Back to Blog

Big Data Security

Computer data security is on everyone’s mind. Concern over the protection of data has gone far beyond the realm of white hats and security experts. It is now firmly in the sights of the VC firms [Whats Big in Venture Capital] and even in the mainstream media[Sony Pictures Hack]. And Big Data is no exception. In fact, since there is so much Big Data and the value within that data is of such enormous value, enterprises face a daunting task when it comes to controlling access and insuring that only authorized users see it.

In the past, computer data security was a specialty. Each storage vendor had different mechanisms for protecting the data stored in their systems. These mechanisms included data encryption, user authentication, user authorization, and access auditing. Over time, the data encryption algorithms standardized, but there remained differences in the authentication and authorization implementations. This was not an undue burden as typically there was a single application that accessed a given pool of data and it was designed to use the specific authentication and authorization mechanism for that data pool.
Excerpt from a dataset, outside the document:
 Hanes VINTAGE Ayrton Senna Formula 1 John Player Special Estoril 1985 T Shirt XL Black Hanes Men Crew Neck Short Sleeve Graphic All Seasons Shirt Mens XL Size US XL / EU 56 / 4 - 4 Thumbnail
Enter Big Data and the Data Lake Now there are many types of data, each with different levels of security and audit requirements, which must be accessed by an array of applications such as Spark, Hive, Impala, MapReduce, etc. These various types of data may all reside in a single enterprise data hub or remain in individual storage silos. In either case, the Big Data applications need to access multiple types of data simultaneously in order to do their analysis. Yet at the same time the user of the application must meet the proper authorization requirements for each type of data being accessed.
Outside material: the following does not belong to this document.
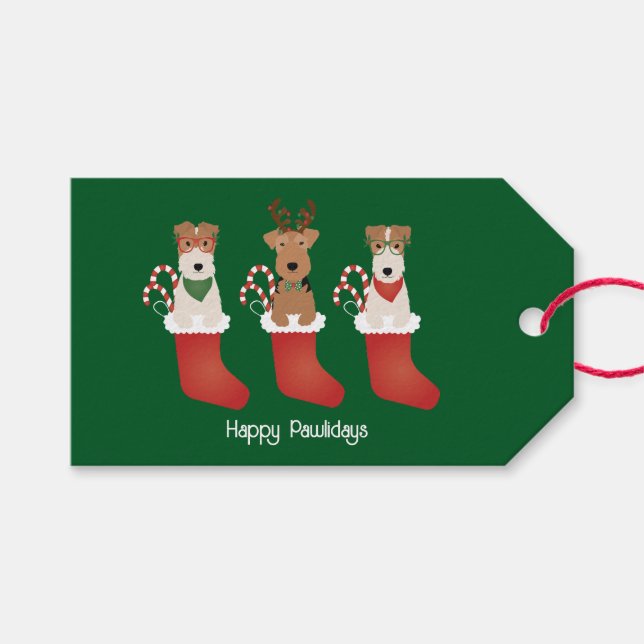Happy Pawlidays Welsh Wire Fox Terrier Dogs Geschenkanhänger (Vorderseite (Horizontal))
While to some this seems like re-inventing the wheel, much work has been done on the security of Hadoop when running with a single HDFS.However, those enterprises that want to remain with storage silos and still run Big Data applications have had to modify those applications. Until now. With BlueData’s EPIC platform and its DataTAP technology, the data scientist will be able to run unmodified Big Data applications and securely access data from multiple storage silos using the authentication and authorization mechanism native to each silo. This will dramatically reduce the burden on the data scientist without compromising the security of the data. A big win for everyone.